From Port Vila to Cairns

Tuesday, June 3rd, 2008

Following Vila, I completed the return to civilization with a flight to Brisbane, where I spent a few short days washing all of my clothes (they needed it), hanging out with Ronan (from Scotland), and meeting his friend Amber.

My brief stay in Brisbane was followed by 3 weeks spent in Cairns; I was in Cairns to complete my PADI Divemaster certification, and inherent to the course, I was able to do some awesome scuba diving on the Great Barrier Reef. That being said, the next few posts will be highly diving-centric, so buckle up your cummerbunds, make sure you have your diving buddy, and prepare to make a giant stride into the adventures of a Divemaster Trainee. We’re going to have a great dive!

Boarding the plane for Brisbane.

Vanuatu (compendium post)

Sunday, May 25th, 2008

A few more photos (and videos!) from Vanuatu…

Hanging out with the Peace Corp volunteers in Ranwas, South Pentecost at the opening of the new school; the Ranwas string band accompanies the celebration…

Land diving in the village near the Lonorore airport in South Pentecost…

John Koko’s bungalow where I slept in Fanla.

John Koko and the North Ambrym ash plain.

The North Ambrym ash plain.

Efate

Sunday, May 25th, 2008

Efate, the capital island of Vanuatu, is home to the capital city of Port Vila, which was my next port of call. I spent two days here hanging out with Brizz, meeting a few more Peace Corps volunteers, stocking up on souvenirs, drinking kava, eating some Olympic Burger, and last but certainly not least, washing-up with the first decent shower since Santo. Ahh, Vila!

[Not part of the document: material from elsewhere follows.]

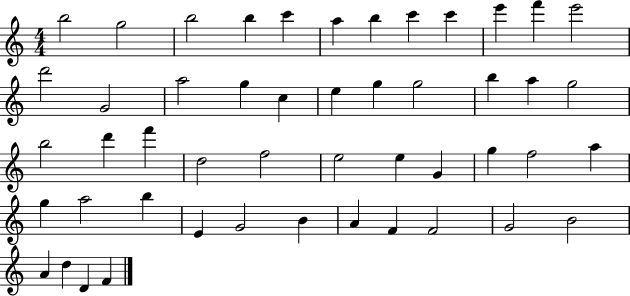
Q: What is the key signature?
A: C major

Feeling clean, refreshed, and rehydrated!

The world’s only underwater post office.

Good morning, Port Vila!

Kava’s good; don’t fall out of the truck. ~Rob

Ambrym

Saturday, May 24th, 2008

In an attempt to remove myself as far from civilization as possible and to see the mystery behind one of Vanuatu’s active volcanoes, I arrived to the island of Ambrym after Pentecost via a small speedboat. The plan was relatively simple: hike from North Ambrym to West Ambrym via the volcano ash plain. In order to do this I needed a guide, and fortunately one of Mary’s papas in Pangi was from North Ambrym, and he referred me to John Koko (who also happens to be one of Mary’s brothers).

John lives in the kastom village of Fanla, and I spent three days here eating traditional food and drinking kava. I wished I had a book, though, since there wasn’t too much to do around the village, and I became quite bored. It’s no wonder the local kids (and sometimes teenagers) push around sticks with tuna cans attached as wheels for entertainment.

The hike from North Ambrym to West Ambrym was an incredible experience, but while we were actually marching through the endless ash and volcanic rock, I couldn’t remember a time when I felt so hot and thirsty. This day alone beget a number of stories… jumping headlong into some black sand that soaked us knee-deep in water, almost suffering from heat exhaustion, running out of water (twice), and escaping the bulls. Quite a bit of Type II fun (something not so fun at the time, but great fun in retrospect).

My remaining three days in Ambrym were spent in the small village of Emiotungun and Craig Cove. My flight from Craig Cove to Vila was delayed by a day, but eh, it’s Vanuatu, and you quickly learn to take such transportation issues in stride. As Mary said back in Pangi, “The boat will come… maybe.”

Fanla’s kava preparation gets a thumbs up.

John Koko’s long-drop toilet.

John Koko on the trail to West Ambrym.

The checked luggage for the flight to Vila.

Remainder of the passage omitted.